Background: Arteriovenous malformation is a dynamic vascular anomaly; it expands with age and after treatment. This study analyzed the pattern of arteriovenous malformation progression and frequency of recurrence after therapy.
Methods: Patients with cutaneous and soft-tissue arteriovenous malformation were reviewed. Progression was defined as advancement to a higher Schobinger stage (I through IV) before treatment. Recurrence was defined as expansion following embolization or resection. The effect of sex, location, size, adolescence, pregnancy, and stage on progression or recurrence was analyzed.
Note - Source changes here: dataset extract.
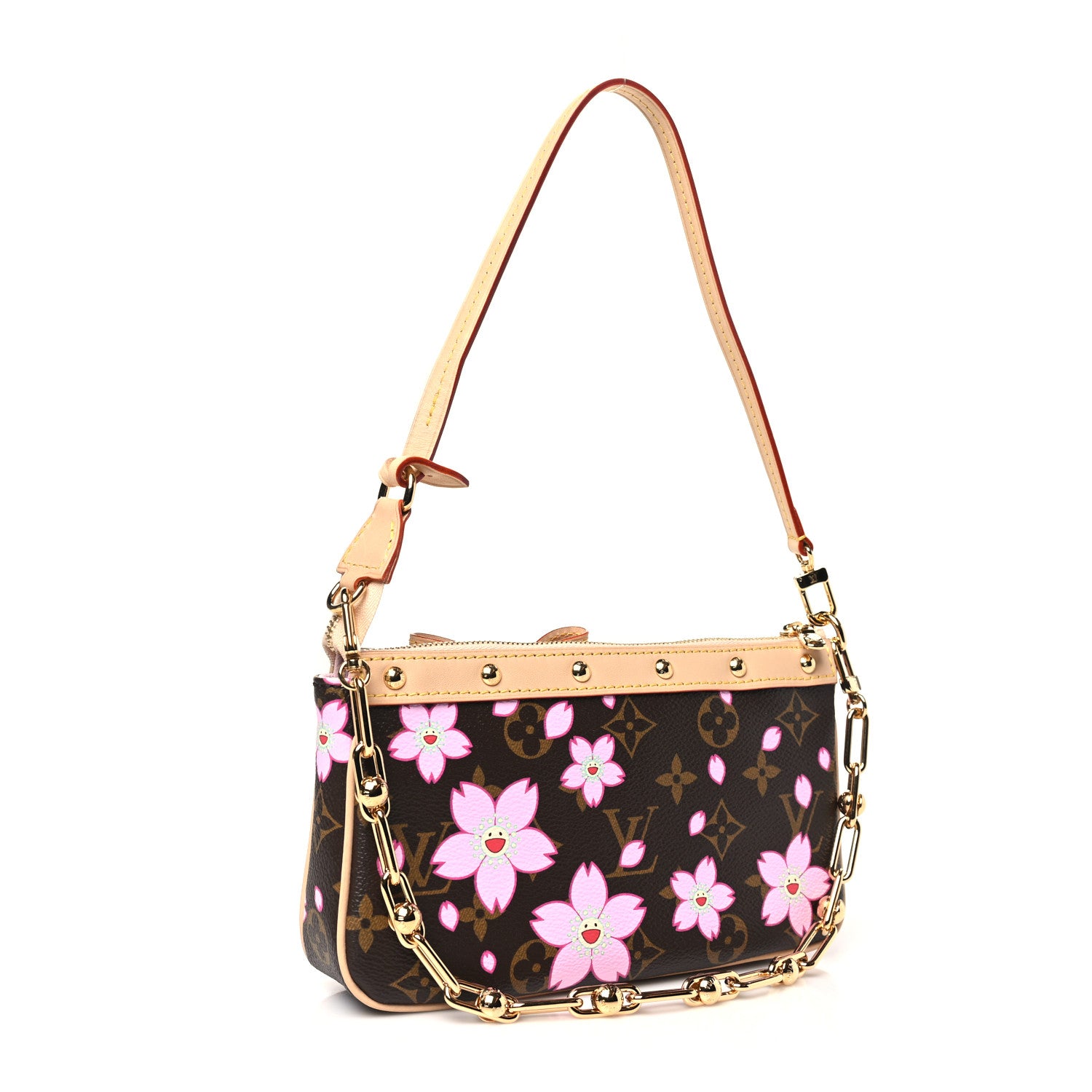 Louis Vuitton LV X TM Monogram Cherry Blossom Pochette Accessories Sakura Brown 3 of 9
Results: The study included 272 patients. Children with stage I arteriovenous malformation had a 43.8 percent risk of progression before adolescence and an 82.6 percent risk before adulthood; the remaining children had progression in adulthood. Progression was more common during adolescence (56.0 percent; 95 percent confidence interval, 46.5 to 65.2) compared with childhood (38.8 percent; 95 percent confidence interval, 32.4 to 45.4) (p = 0.002). The average age at progression was 12.7 ± 11.1 years. Diffuse arteriovenous malformations were more likely to progress compared with localized lesions (p < 0.001). Sex (p = 0.46), location (p = 0.36), and pregnancy (p = 0.20) did not influence expansion. Resection (with or without embolization) had a lower recurrence rate (81 percent) and longer time to recurrence (42.7 percent >1 year), compared with embolization alone (98 percent and 14.4 percent >1 year, respectively) (p < 0.001). Recurrence was less likely when lower staged lesions were treated (p < 0.001) and did not correlate with sex (p = 0.10), location (p = 0.60), size (p = 0.07), or age (p = 0.21).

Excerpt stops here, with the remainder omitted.